82番札所根香寺からの山下り道は「盆栽通り」という盆栽生産が盛んな地域です。その先にはたくさんのお地蔵さんがお遍路さんを見守ってくれていて、ありがたい休憩スポットもあります。
「根香寺」からの山下りは「盆栽」をながめながら
82番札所根香寺参拝後は、標高400mから一気に山を下ります。
カーブが多い山道舗装路を歩き、時々未舗装路でショートカットしながらの下り道の途中では、ふもとの景色を眺めることができるビュースポットがいくつかあります。
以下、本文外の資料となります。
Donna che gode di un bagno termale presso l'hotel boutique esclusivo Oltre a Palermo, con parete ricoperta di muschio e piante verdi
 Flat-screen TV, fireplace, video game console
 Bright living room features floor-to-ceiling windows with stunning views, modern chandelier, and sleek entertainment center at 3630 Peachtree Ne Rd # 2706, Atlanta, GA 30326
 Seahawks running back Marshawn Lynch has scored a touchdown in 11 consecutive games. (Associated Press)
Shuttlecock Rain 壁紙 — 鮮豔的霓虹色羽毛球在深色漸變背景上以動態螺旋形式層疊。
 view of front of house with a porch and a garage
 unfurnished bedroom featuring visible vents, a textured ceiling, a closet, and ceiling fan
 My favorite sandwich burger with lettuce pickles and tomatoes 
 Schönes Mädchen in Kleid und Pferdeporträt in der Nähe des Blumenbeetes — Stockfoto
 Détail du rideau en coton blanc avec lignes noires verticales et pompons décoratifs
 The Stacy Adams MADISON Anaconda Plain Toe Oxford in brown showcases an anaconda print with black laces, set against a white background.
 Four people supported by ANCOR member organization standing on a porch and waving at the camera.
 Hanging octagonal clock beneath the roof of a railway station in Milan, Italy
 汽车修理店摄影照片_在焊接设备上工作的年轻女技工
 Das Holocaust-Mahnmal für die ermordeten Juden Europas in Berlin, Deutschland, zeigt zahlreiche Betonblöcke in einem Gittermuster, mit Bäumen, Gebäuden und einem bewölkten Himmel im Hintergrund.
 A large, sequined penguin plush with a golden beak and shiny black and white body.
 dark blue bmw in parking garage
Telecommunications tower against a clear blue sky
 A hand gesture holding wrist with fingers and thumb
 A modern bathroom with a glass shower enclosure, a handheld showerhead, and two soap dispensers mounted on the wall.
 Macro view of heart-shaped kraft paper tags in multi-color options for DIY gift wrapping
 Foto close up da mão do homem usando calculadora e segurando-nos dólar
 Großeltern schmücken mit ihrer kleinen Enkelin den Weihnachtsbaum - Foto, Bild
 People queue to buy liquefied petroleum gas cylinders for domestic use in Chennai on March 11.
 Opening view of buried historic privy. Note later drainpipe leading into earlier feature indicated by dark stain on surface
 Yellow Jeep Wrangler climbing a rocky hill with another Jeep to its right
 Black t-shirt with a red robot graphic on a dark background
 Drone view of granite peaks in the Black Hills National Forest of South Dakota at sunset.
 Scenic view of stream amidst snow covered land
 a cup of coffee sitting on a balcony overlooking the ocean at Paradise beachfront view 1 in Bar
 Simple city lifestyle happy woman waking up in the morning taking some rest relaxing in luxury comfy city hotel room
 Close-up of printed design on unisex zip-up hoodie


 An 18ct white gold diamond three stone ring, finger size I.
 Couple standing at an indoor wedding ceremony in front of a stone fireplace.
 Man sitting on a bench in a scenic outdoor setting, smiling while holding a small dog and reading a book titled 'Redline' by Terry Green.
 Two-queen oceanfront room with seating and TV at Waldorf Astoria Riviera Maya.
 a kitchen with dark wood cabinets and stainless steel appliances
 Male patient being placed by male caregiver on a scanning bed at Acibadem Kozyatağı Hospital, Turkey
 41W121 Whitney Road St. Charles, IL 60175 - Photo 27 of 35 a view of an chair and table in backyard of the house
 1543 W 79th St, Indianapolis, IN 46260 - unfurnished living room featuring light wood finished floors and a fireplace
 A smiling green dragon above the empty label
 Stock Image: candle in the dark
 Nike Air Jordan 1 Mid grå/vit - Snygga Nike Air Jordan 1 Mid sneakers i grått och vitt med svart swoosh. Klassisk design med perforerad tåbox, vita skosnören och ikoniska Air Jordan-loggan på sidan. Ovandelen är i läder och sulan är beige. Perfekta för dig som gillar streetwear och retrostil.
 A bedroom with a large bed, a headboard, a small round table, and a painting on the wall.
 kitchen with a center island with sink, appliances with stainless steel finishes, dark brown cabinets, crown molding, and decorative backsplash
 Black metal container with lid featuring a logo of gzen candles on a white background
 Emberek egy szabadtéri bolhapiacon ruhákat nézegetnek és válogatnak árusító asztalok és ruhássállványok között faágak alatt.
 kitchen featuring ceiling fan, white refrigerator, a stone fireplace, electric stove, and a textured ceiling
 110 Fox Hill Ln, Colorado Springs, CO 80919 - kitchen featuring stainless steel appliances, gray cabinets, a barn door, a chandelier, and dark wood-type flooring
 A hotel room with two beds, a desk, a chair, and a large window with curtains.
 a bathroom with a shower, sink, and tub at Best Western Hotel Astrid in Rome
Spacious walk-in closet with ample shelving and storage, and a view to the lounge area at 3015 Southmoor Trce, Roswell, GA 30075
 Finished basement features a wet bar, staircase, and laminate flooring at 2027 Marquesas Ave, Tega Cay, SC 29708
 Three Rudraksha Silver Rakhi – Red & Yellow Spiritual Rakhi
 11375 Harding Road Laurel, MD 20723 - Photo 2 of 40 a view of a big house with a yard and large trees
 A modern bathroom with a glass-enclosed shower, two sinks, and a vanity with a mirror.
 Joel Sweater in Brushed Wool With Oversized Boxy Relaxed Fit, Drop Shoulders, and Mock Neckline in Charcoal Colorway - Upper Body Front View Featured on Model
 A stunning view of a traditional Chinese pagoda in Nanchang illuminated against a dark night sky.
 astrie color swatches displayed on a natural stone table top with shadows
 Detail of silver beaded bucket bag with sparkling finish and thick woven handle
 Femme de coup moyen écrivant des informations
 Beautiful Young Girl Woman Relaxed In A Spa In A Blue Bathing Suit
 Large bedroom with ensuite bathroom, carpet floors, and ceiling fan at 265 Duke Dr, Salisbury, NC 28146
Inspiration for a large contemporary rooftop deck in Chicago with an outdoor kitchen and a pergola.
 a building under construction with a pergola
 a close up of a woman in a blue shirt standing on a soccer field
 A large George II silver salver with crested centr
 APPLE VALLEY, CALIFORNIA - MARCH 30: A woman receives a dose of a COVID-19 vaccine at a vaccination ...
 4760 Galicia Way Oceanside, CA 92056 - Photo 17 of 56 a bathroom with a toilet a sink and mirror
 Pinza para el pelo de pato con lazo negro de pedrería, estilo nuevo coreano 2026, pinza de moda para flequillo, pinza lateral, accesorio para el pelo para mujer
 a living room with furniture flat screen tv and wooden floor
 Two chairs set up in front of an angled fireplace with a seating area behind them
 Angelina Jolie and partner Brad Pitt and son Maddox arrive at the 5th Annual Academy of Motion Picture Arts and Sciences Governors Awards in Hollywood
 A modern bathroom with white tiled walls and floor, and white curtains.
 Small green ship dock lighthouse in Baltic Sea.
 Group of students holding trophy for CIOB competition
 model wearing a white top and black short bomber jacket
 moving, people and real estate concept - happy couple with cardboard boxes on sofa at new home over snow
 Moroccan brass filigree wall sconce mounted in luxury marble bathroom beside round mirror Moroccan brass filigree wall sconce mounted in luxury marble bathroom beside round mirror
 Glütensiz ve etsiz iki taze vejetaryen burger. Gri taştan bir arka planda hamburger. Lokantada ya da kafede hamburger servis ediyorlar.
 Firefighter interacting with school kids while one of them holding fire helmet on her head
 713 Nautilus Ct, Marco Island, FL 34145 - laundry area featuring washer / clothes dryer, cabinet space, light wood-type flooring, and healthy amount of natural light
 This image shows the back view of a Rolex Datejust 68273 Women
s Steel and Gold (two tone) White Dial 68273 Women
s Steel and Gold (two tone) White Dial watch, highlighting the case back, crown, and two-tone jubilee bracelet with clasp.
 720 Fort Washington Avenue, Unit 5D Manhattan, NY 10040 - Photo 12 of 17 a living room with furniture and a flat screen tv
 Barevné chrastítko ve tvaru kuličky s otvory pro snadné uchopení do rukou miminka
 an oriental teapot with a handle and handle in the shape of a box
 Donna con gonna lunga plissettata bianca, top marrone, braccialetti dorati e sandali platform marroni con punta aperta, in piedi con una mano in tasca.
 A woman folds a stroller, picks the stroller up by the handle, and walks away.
この下り道の途中で、興味をひかれる看板を発見しました。
ここは「鬼無(きなし)」という地域で、実は世界一の盆栽の生産地なのだそうです。
200年以上前から瀬戸内海に自生している松を掘って鉢植えにして販売していたそうで、全国の松盆栽の生産の80%を占めているとのこと。
近年は海外でも盆栽人気が高まり、鬼無の盆栽は世界のBONSAIとして輸出されることも多くなっているようです。
ちなみに「鬼無」という地名は、この地域に伝わる「桃太郎」伝説と関連していて、桃太郎がおじいさんとおばあさんと住んでいたのがこのあたりの地域で、鬼退治をして鬼がいなくなったことから鬼無という名になったという説があるそうです。
遍路道からは少し外れますが「桃太郎神社」が近くにあり、桃太郎と猿・雉・犬、おじいさん・おばあさんのお墓があるようです。
お地蔵さん密集地域を歩く
鬼無にはJR鬼無駅があり、線路を渡って南東方向に進んでいきます。
このあたりの入り組んだ遍路道沿いにはお地蔵さんがたくさんあり、地元の方々が維持管理・お参りを長くされてきた様子がうかがえます。
ふたつほど特徴的なお地蔵さんをご紹介します。
まず、1カ所目が線路を渡ってすぐの細道沿いの立派なお堂を構えるお地蔵さんです。
2カ所目は、少し進んだ先の「岩田神社」を右折した先にあるお地蔵さんです。
このような、台に乗った大きなお地蔵さんは遍路道沿いで時々見かけますが、「高地蔵(たかじぞう)」というそうで、特に川沿いにおられることが多く、川が氾濫した際にも流されないように台の上に安置されていたそうです。
このお地蔵さんの手前には確かに川があり、橋で対岸に渡ってきてすぐのところでした。
その他にもお地蔵さんや地蔵堂がたくさんありますので、どのようなお地蔵さんなのかを確かめながら歩いてみるのもよいと思います。
「接待橋」と「飯田お遍路休憩所」
先ほどご紹介した細道お堂のお地蔵さんと高地蔵の間の道のりで、川を渡ります。
この川は「本津川(ほんづがわ)」といい、鬼無の桃太郎伝説においては、おばあさんが洗濯に出かけて、どんぶらこっと桃が流れてきたところなのだそうです。
この川をまたぐ「永代橋」は、昔は「接待橋」と呼ばれていて、遍路道にかかる橋で、地域住民の方がお遍路さんにお接待をしていたようです。
そして、そのお接待文化を現在にも残す休憩所がすぐ先にありました。
私が通ったのが早朝だったので、開いていませんでしたが、とても立派な施設で、根香寺からの山下りで疲れた足を休めるのに立地も最高です。
このような休憩所を見ると、地域の方々に助けていただきながら歩かせていただいていることを強く実感します。
【「飯田お遍路休憩所」 地図】
ということで、根香寺からの山下りとふもとの鬼無地域は、「盆栽」「桃太郎」「お地蔵さん」「休憩所」と、意識しながら歩けば、ネタが豊富なおもしろい遍路道です。
次の83番札所「一宮寺」までは、そこそこ距離がありますので、地域の見どころやお接待文化に触れながら、ゆっくりと進みたいものです。